Secrets Of Using Seller Financing To Save A Sale, Without Incurring Additional Risk.



I had a great uncle who was a bit of an old rogue but was adept at using seller financing. He once sold the same farm three times in a row. He used seller financing, combined with a healthy down payment. When the buyers became delinquent he legally repossessed. I think he was a bit disappointed when the third buyer paid off his note. You don't want to go that far, but in his case, it was a risk free proposition.


In my uncle's case, there was little the buyers could do to the property to reduce its value. If you use seller financing, remember two things. The first is that you will be making a loan. So you need to be very business like about it. The second is that a buyer can do considerable harm to the good name of your business. Largely by willful or unwitting mistreatment of your customers. If you have to take over control of your business again, it could take you considerable time to restore it to its former strength.


However, there is a place for seller financing. Suppose you have someone extremely interested in acquiring your business. You have scrutinized his background as carefully as he has scrutinized your business. You have no disagreement on price. Economic conditions, which always play a role in the loan amount a business can support, are poor. There is a gap between the price, and the loan amount, that he is unable to bridge. He has capital that he is prepared to invest, but it isn't enough.


You believe that he is the ideal buyer for your business, based on everything you have learned about him, directly and indirectly. Everything is positive except economic circumstances have reduced the amount banks will lend, and he can't bridge the gap. This is a situation where seller financing may save the deal.


Let's assign some numbers to a hypothetical transaction. You have agreed on a selling price of $10. Due to bad economic conditions, SBA and other lenders will only go as high as a loan for $5.50. The buyer has $2.50, leaving a shortfall of $2. If you believe that the agreed price of $10 represents good value for the buyer, and he can't get the other $2 anywhere else, consider financing it yourself. After all, no one knows better than you do what your business is worth. Particularly if the price agreed to has been validated by a professional valuation.

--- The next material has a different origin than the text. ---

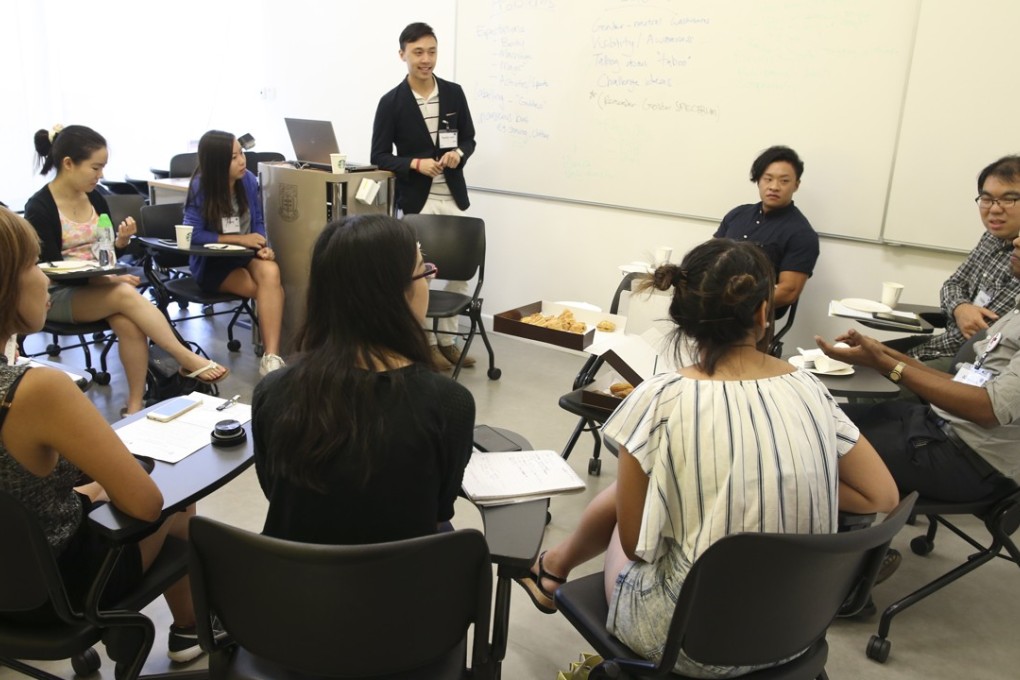 A group of university students hold a discussion on campus. To say that all young people are lazy does a disservice to the many who are committed to their studies. Photo: Dickson Lee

If you intend to provide the missing financing, be businesslike about it. Take security, even though your position will be subordinate to the other lender. Agree on an interest rate that is attractive to you, and that others will also find attractive. It should be considerably higher than that available on CD's and other related debt instruments. You should make sure that the buyer has more at risk than you do. In this example, he has $2.50 at risk, and you have $2 at risk.


Consult an attorney experienced in this kind of transaction, for help in minimizing your risk. Someone with experience in seller financing will help you maximize your security. He can also give you the clearest legal path toward taking possession of the business again, should you need to. There is one other thing you will need from your attorney.


Related to that, let's explore what you can do with the loan that you plan to make. The first and most obvious is to collect payments, made up of part principal, and part interest. If the interest rate is attractive, and you have no better investment use for the money, this could be great. The only negative is that some day the loan will have been repaid, and your attractive interest payments will cease.


However, at some date in the future, you may find a better use for the loan balance remaining. You may regret having agreed to provide any seller financing. You could approach the buyer, and ask him to find some more money and pay out your loan. Perhaps economic conditions will have changed, and the business can support a larger loan. He may lack motivation to do that. After all, what's in it for him?


You will probably have another alternative. If the loan document has been properly prepared, and you have insisted on a clause permitting you to transfer it to another party, you can sell the note. That's the other thing you need from your attorney. You will need to get him to make sure the note specifically provides that it can be sold.


If regular payments have been made on the original $2 note, you will not realize $2 on its sale. The remaining principal will be less than $2. Depending on the interest rate on the note, and how it compares to the prevailing rate at the time, you may have to discount the note. And take slightly less than the remaining principal. If the interest rate is extremely attractive compared to the prevailing rate, you may get the remaining balance.


There are intermediaries specializing in the sale and purchase of notes. Your attorney or accountant should be able to refer you to one, if you can't find one yourself. Knowing that you can sell notes should help you view seller financing from a different perspective. It can be an extremely helpful tool in the sale of your business.